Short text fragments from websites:
-*-*-
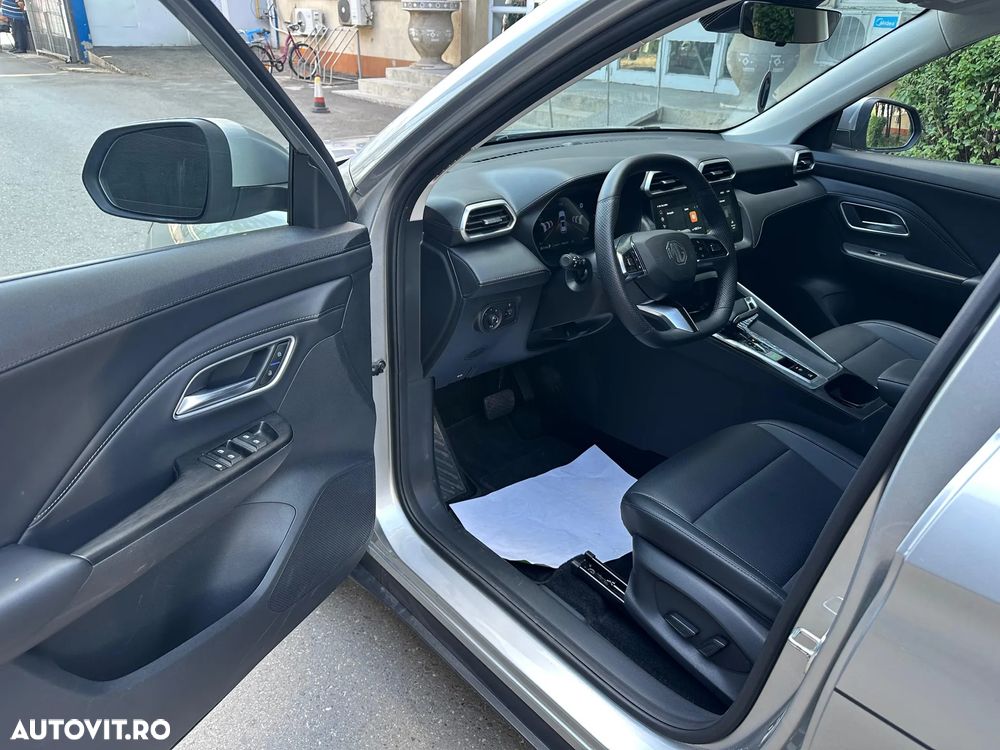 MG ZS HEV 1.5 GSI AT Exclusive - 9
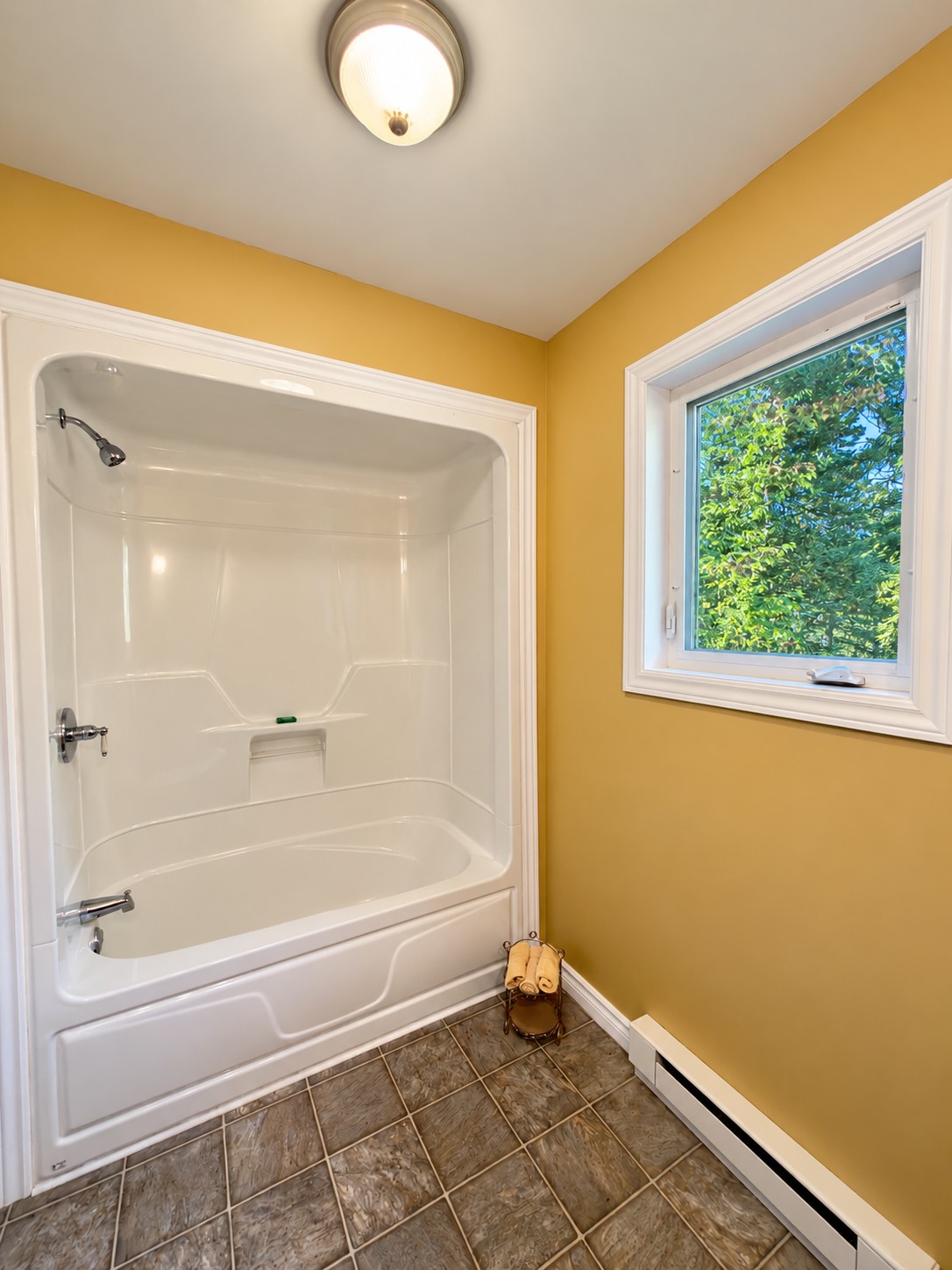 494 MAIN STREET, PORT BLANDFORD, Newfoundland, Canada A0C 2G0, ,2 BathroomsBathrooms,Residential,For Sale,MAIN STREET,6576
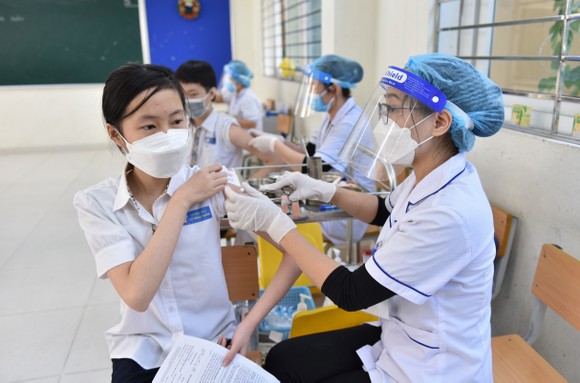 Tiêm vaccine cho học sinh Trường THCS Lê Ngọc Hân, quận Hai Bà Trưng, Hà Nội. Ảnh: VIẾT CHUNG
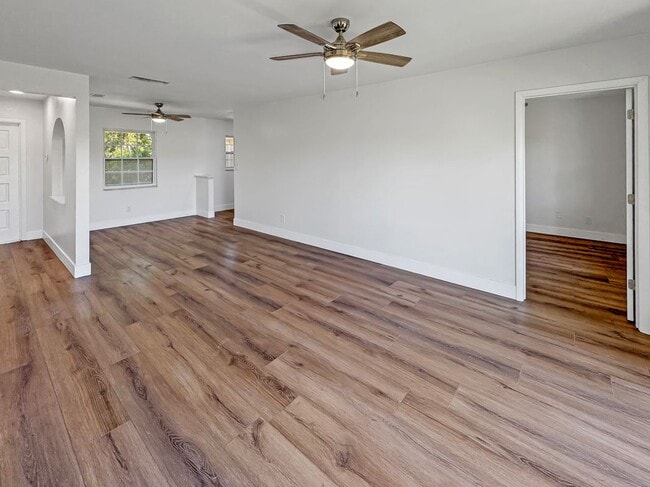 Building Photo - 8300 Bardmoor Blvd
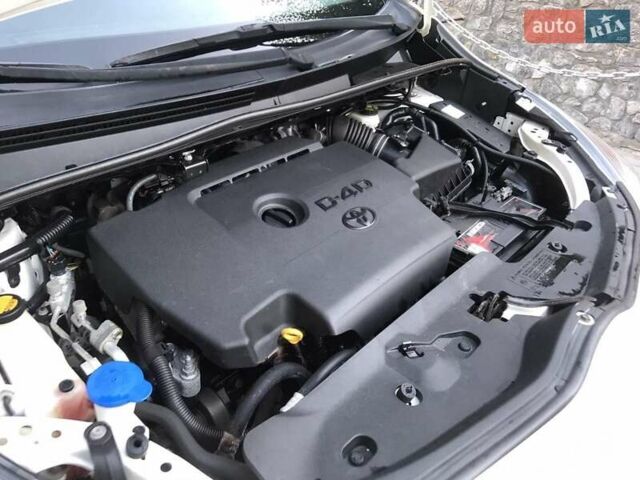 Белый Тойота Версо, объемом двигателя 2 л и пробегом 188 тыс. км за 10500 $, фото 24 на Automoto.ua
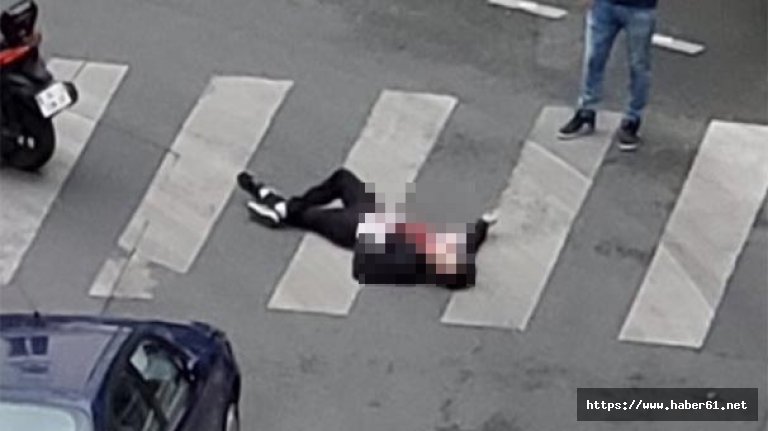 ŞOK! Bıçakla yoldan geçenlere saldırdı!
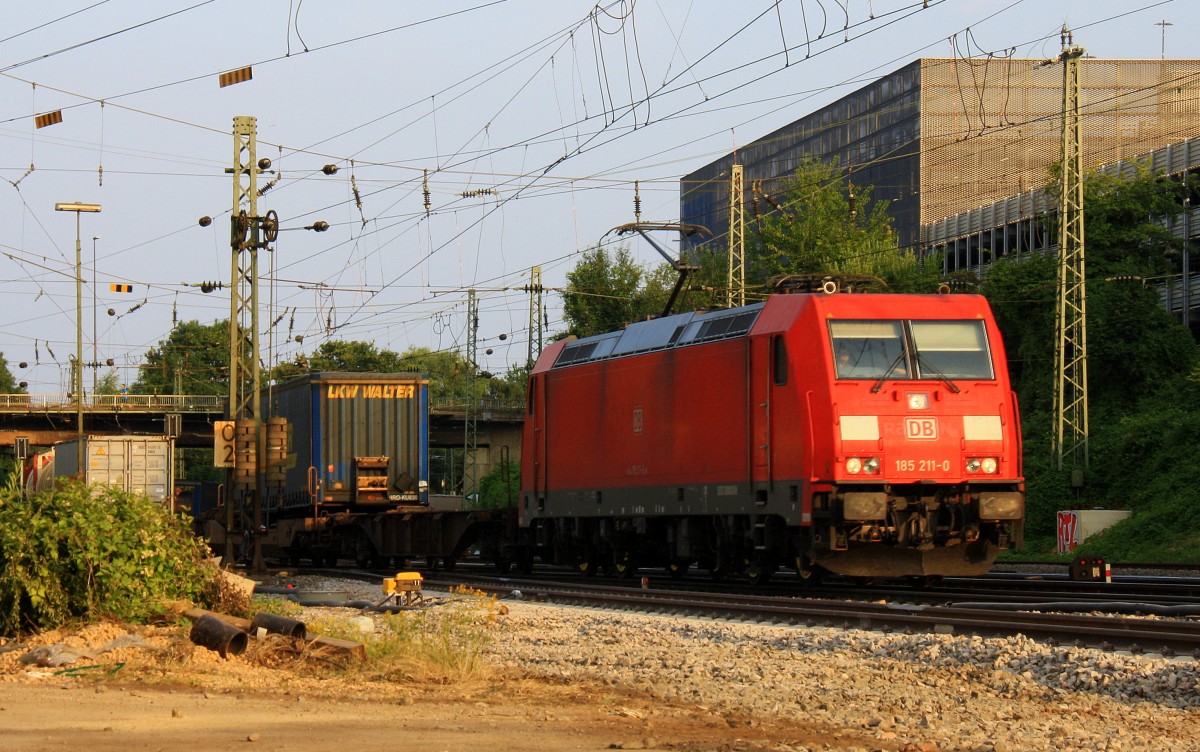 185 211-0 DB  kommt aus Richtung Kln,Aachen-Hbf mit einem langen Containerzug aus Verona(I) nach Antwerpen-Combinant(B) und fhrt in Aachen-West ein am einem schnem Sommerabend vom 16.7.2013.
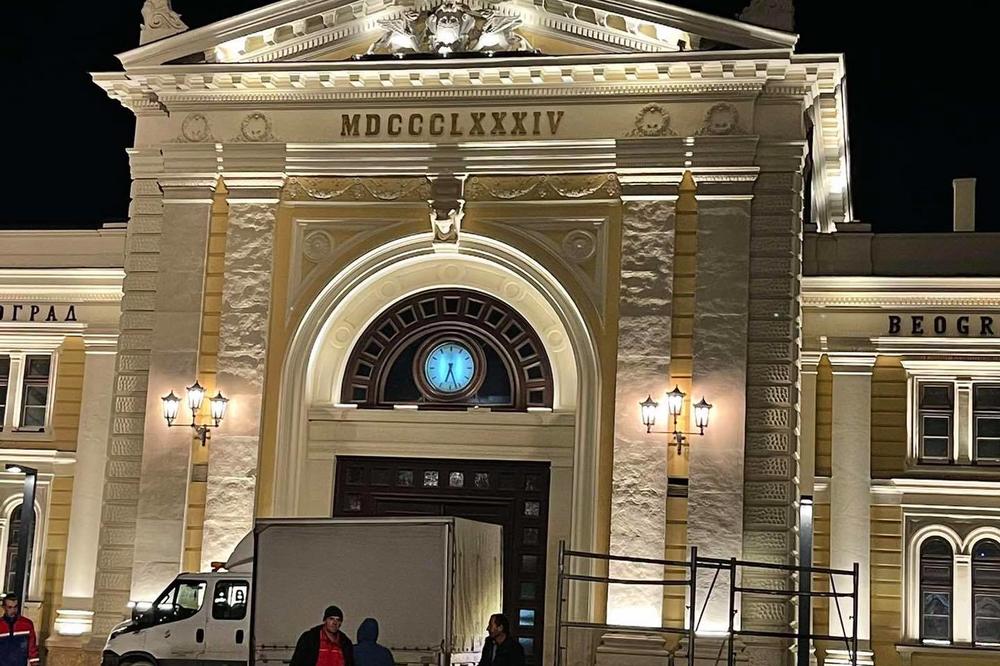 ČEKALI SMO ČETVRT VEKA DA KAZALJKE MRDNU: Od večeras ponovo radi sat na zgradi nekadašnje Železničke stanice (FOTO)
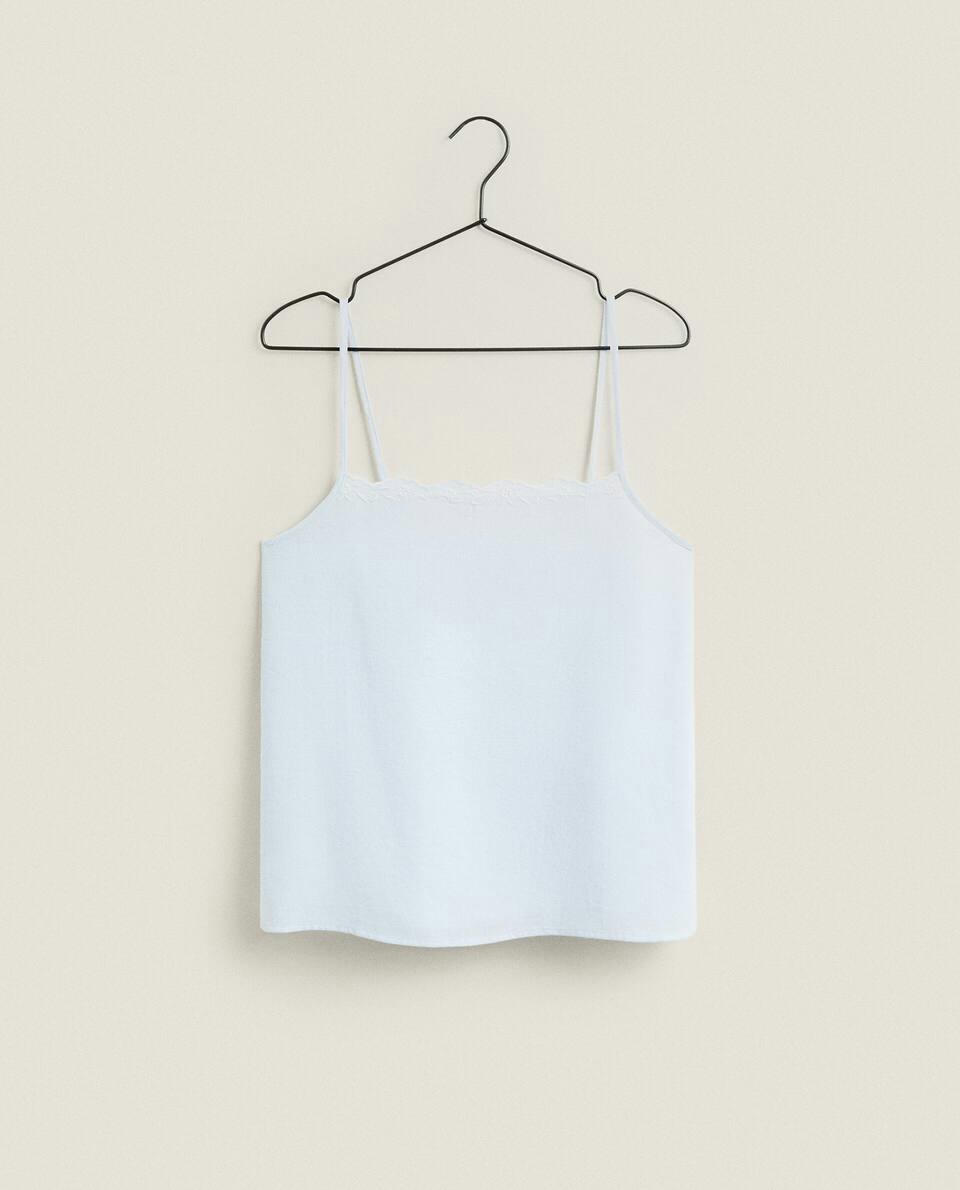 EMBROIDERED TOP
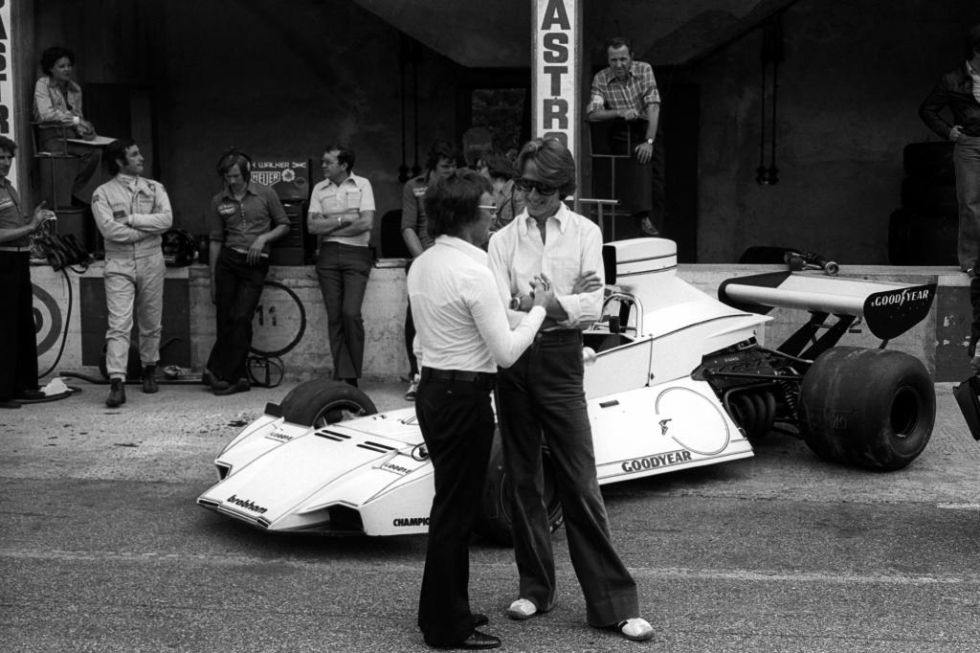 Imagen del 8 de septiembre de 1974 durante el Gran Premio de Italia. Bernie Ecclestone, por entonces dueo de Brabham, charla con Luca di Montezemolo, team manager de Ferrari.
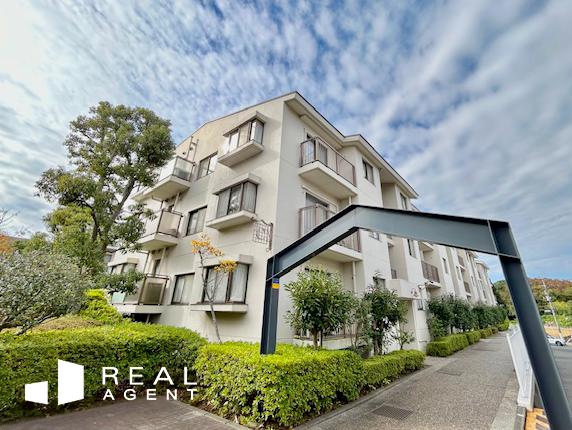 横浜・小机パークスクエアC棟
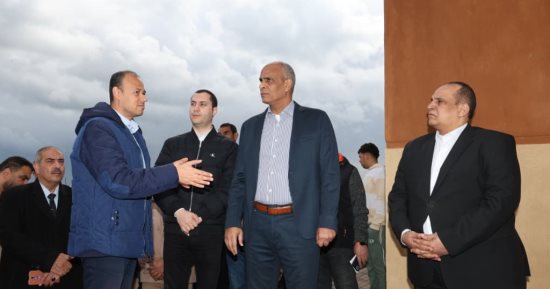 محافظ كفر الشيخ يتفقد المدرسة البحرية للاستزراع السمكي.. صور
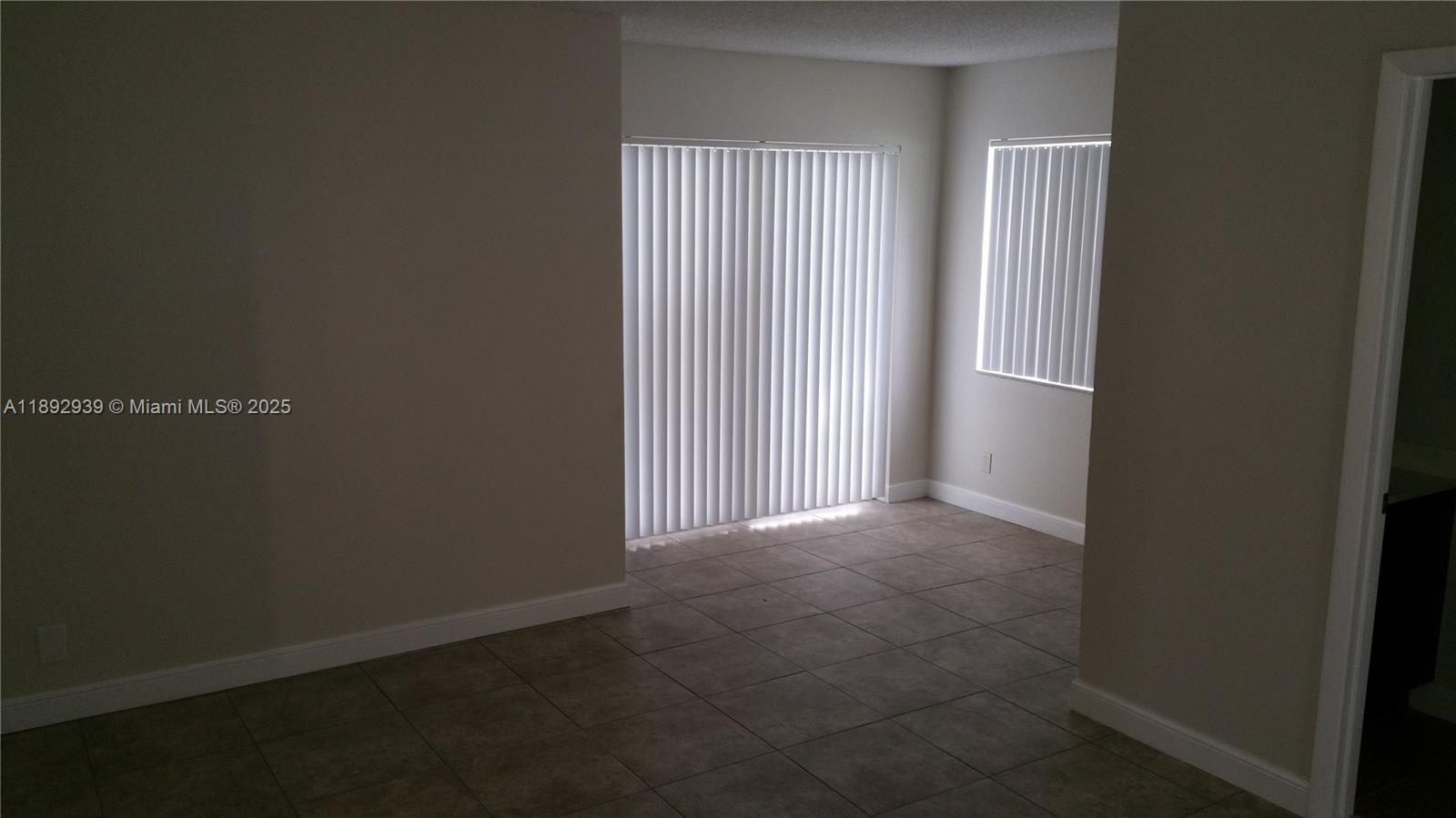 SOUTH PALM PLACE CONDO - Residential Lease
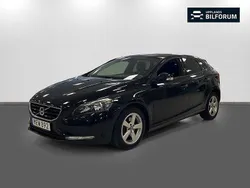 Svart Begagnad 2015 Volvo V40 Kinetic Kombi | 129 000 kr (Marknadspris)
-*-*-
* TASK *
For each entry above, write it out again exactly but leave out any picture.

* TASK ANSWER *
 MG ZS HEV 1.5 GSI AT Exclusive - 9
 494 MAIN STREET, PORT BLANDFORD, Newfoundland, Canada A0C 2G0, ,2 BathroomsBathrooms,Residential,For Sale,MAIN STREET,6576
 Tiêm vaccine cho học sinh Trường THCS Lê Ngọc Hân, quận Hai Bà Trưng, Hà Nội. Ảnh: VIẾT CHUNG
 Building Photo - 8300 Bardmoor Blvd
 Белый Тойота Версо, объемом двигателя 2 л и пробегом 188 тыс. км за 10500 $, фото 24 на Automoto.ua
 ŞOK! Bıçakla yoldan geçenlere saldırdı!
 185 211-0 DB  kommt aus Richtung Kln,Aachen-Hbf mit einem langen Containerzug aus Verona(I) nach Antwerpen-Combinant(B) und fhrt in Aachen-West ein am einem schnem Sommerabend vom 16.7.2013.
 ČEKALI SMO ČETVRT VEKA DA KAZALJKE MRDNU: Od večeras ponovo radi sat na zgradi nekadašnje Železničke stanice (FOTO)
 EMBROIDERED TOP
 Imagen del 8 de septiembre de 1974 durante el Gran Premio de Italia. Bernie Ecclestone, por entonces dueo de Brabham, charla con Luca di Montezemolo, team manager de Ferrari.
 横浜・小机パークスクエアC棟
 محافظ كفر الشيخ يتفقد المدرسة البحرية للاستزراع السمكي.. صور
 SOUTH PALM PLACE CONDO - Residential Lease
 Svart Begagnad 2015 Volvo V40 Kinetic Kombi | 129 000 kr (Marknadspris)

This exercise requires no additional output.